Still need a number from each person... what is your number? --- the situation is up to you... but what is the condition and how low can you detect "it". --- the situation which gives the most sensitive level of ______ that you can detect?
THx-RNMarsh
Sorry Jacco, I know the official schematic says 13,000uF, but I also know what I took out and replaced it with, in both cases 15,000 uF. Which, BTW, I purchased from Harman as spare parts.
Agreed - no argument there. I am blessed by my hard core approach to always use split supply lines, with those for the input stage(s) regulated by the simples form of regulation possible 5-7V above the current stages supply lines. I've done it like that since 1979 and never looked back. Having a dual supply system enables me to do some extra filtering of the IPS and VAS, an opportunity I never miss. First the bridge, then the first 2,200uF cap, a series 10 Ohm rsistor, then the second 2,200 uF cap bypassed with 100 nF, then a zener assited cap multiplier, followed by yet another 2,200 uF cap again bypassed by 100 nF. Never failed me yet, and boy oh boy, was I ever so pleased when I discovered that Krell also used the same circuit for the same purpose in their older amps. If money is no object, I throw in a discrete 12 or more (depending how much current I need, proper full regulator, but I haven't done that for years now. No need.
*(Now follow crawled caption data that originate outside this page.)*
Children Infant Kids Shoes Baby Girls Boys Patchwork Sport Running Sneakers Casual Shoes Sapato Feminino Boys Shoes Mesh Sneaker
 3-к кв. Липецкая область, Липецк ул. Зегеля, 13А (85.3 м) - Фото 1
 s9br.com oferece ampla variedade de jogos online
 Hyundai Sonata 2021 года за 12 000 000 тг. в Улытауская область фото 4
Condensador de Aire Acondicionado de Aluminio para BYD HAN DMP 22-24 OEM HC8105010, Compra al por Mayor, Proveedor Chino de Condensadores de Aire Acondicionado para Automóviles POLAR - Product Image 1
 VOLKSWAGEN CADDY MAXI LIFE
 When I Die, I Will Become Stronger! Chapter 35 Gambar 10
Fofr the current stages, where I know I wll need a lot, I always use several capsin parallel rather than single values. Typically, I put 2*10,000uF per supply line (40,000 uF per side), do a bit to filter it all, and then throw in a 2,200 uF cap as near as I can bring it to each and every output transistor in the output stage, in my case, 3, 4 or 5 pairs. Sure, it takes up its fair share of PCB real estate, but more than makes up for it in sheer speed and immediacy. And I typically end up with a total of 28,200 per every power line (for four paoirs of my beloved MJL 3281/1302), or a very nice 56,400 uF per side. Since my voltages rarely exceed +/-56V at full PSU load, that gives me about 44 Joules of energy per side. Turn on delay mandatory.
All very nice, Jacco, but in the end, that small H/K portrays music better, and not by a small margin, than that technically perfect Sansui. And the odd thing is that it runs circles around the Sansui in bass registers, sounding more enegetic and lively than the 3dB more powerful Sansui. A smaller advantage to H/K in the midband, in the treble there's hardly any difference to speak of. Equally unfortunately, this makes the Sansui's sound to be less convincing and be a little coloured, due to imbalance between top and bottom. Its top end is just fine, it's the lack of bass that's doing it.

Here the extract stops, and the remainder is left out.